I know people that don't read for pleasure. I don't understand them at all, but I know them, they don't seem happy. I know people who can spend over a month reading one relatively slim book. I don't understand them either, but they seem a little happier, although they do watch a lot of telly. It took me two months to get through Les Miserables, but Les Miserables is enormously long, wildly tangential, and requires a good deal of backward page riffling to remember properly. Worse than that, it inspires a lot of those staring off contemplating what you've just read moments. It's hard going, but by golly it's worth it. Unlike the musical, which reduces it to a bunch of catchy songs and two-dimensional characters. That's a couple of hours of my life I'm not getting back any time soon.

Don't misunderstand me, I'm not one of those awful twats who don't own a TV (how do you possibly find out who these people are? Don't worry, they'll tell you) I have several, I spend a great deal of my life lying on sofas and watching movies. TV is great, movies are great, I can lose days just listening to records and looking at the ceiling. I'm not even arguing that books are more improving than TV is, breaking bad was a TV show, and Dan Brown is still writing very popular novels, case closed. There's a lot of shit out there in every media.

I made these for books, they got a bit filled with my records, so I built more, 
they don't look as good as these though.

We bought a bigger house so it would fit all of our books in, we don't regret it. I spend a lot of my time building new shelves to fit all our books on. My wife and I buy enormous amounts of books, she prefers huge weighty non-fiction books on art and photography, which take up an entire wall of our living room, while I have filled the rest of the house with sci-fi and fantasy paperbacks, classic literature, and stuff that just looked like it might be interesting from the cover, along with the poetry collection begun by my Grandfather, that I promised I'd increase and pass on to another generation, I'm doing okay with the first bit of that, and have tremendous optimism over the second. Of course I throw a lot of them back into the world via charity shops, and occasionally leaving them on buses, but the piles get bigger, never smaller, which is great, because books are great, even the ones you never get round to reading.

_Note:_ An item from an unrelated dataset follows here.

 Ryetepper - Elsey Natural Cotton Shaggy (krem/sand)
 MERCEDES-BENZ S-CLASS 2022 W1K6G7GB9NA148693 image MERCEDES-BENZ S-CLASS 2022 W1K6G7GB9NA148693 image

I have devoted most of my life to pure escapism, sometimes via transcendental music, sometimes via hallucinogens and narcotics, sometimes via the cinema screen, sometimes via the simple, beautiful method of cider. But the only one that works best, and can take me to where I want to be, be it Ankh-Morpork, 19th century Paris, the Shire or Toad Hall, is just some bits of paper with ink on. I would not want it any other way.
George Orwell also likes books

*as an impressionable 22 year old, I left Barnstaple Cinema having seen the Phantom Menace, a film I had waited more than half my life to see, convinced that it was the best film of the entire Star Wars saga.


After seeing it again, I quickly realised how wrong I was. How very, very wrong.